We recommend a minimum biannual maintenance schedule. In ideal or indoor conditions, without a lot of debris, chemicals, or damage, this is more than enough to prevent deep corrosion from setting in. However, other schedules may be recommended for harsh environments or sites that prefer gleaming stainless year round.
Routine surface care starts with a quick water rinse to remove grit. When there is no abrasive left on the surface, the stainless steel should be wiped with a lubricant like WD-40 or a specialized domestic stainless steel cleaner. A visual inspection for staining during this procedure is recommended.
For our stainless steel bollards, this routine care usually takes less than three minutes per post. If there are issues noted, from splashed concrete to graffiti, usually simple and relatively inexpensive steps are needed to address them. Our cleaning and care blog and care and maintenance document offer advice on dealing with unusual issues.
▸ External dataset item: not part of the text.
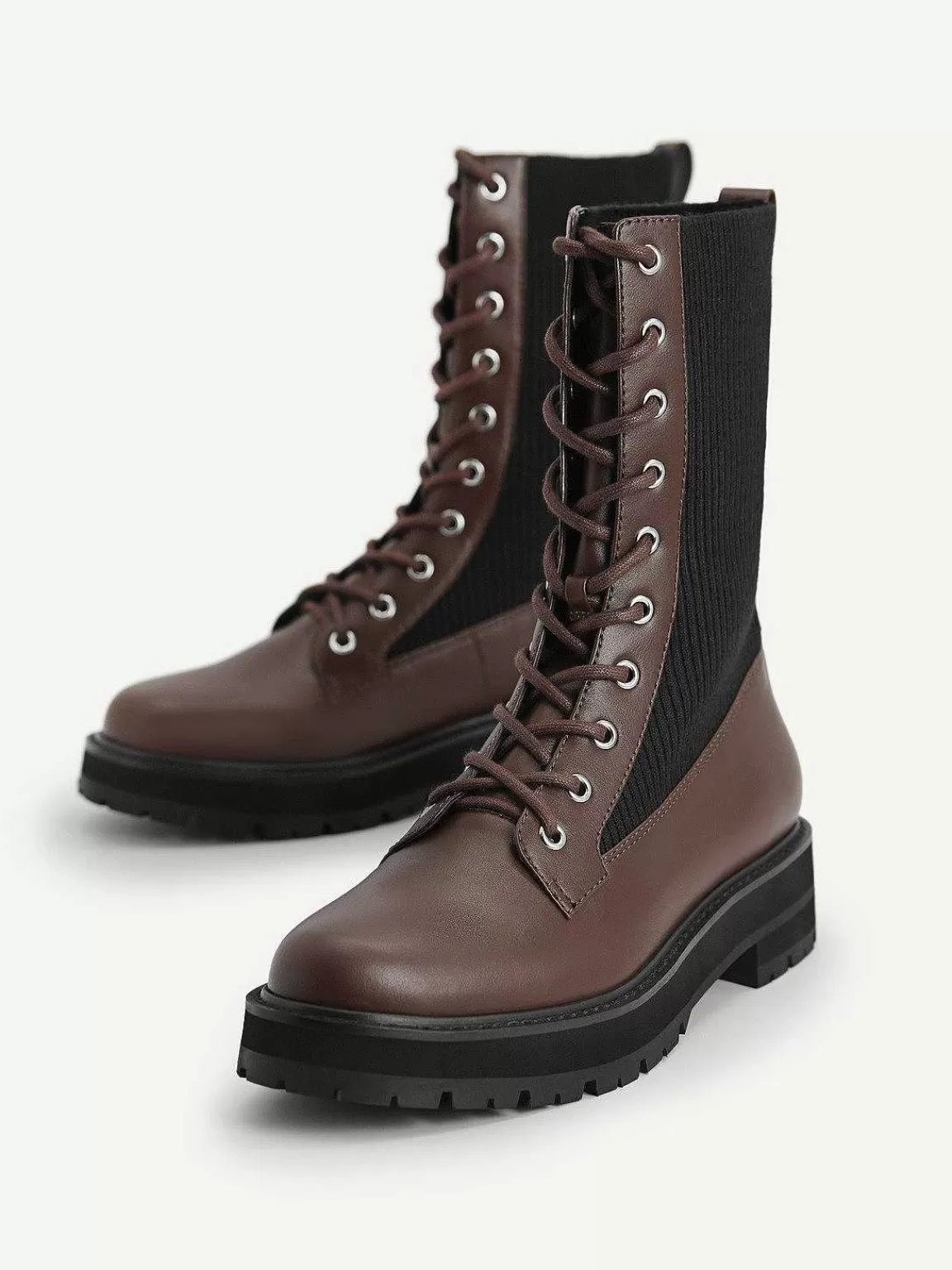 PEDRO Ankle Boots<Chunky Lace-Up Boots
Accelerated maintenance schedules for outdoor stainless steel
To consider the stresses in a region on outdoor stainless steel, look around at the cars. In places where many cars show rust, there is more environmental stress, including salt, weather, and even iron deposits from those same rusting cars. Maintenance schedules should be more comprehensive in these locations, being held quarterly.
In some locations, sporadic salting offers a different way to keep a winter maintenance schedule. Whenever there is a salt deposit visible on cars, there is likely salt building up on the surface of traffic-adjacent stainless steel. Giving stainless a simple rinse and then a wipe with WD-40 when most cars around the installation could also use a good wash can help keep stainless steel shining.
Fixing damage and removing corrosion on outdoor stainless steel
In some locations, a winter’s worth of un-removed salt deposit leaves a very light stain speckled over the surface of stainless steel. This sort of mild corrosion can be removed and the surface repassivated simply, with the application of inexpensive but specialized cleaners.
The procedure is simple:
- Identify surface that needs cleaning and rinse grit off before starting
- Spray with E-NOX CLEAN (or similar)
- Spread evenly over stained surface
- Leave for one hour
- Spray on neutralizer: UNO-SF (or similar)
- Wipe with paper towel
- Rinse with water
Maintenance routines and aesthetic preference
Stainless steel provides a stable, corrosion-resistant metal with a light silver gleam that complements many modern architectural buildings. When used outdoors, the shine of the metal may be an essential element of the look of a site. In these cases, maintenance tends to need to be more rigorous. Fingerprints, scuffs, and the dust of street life all diminish the sheen of stainless. For most locations, however, careful installation and biannual or quarterly maintenance will be enough to keep quality 316 stainless steel providing an elegant site accent for many years.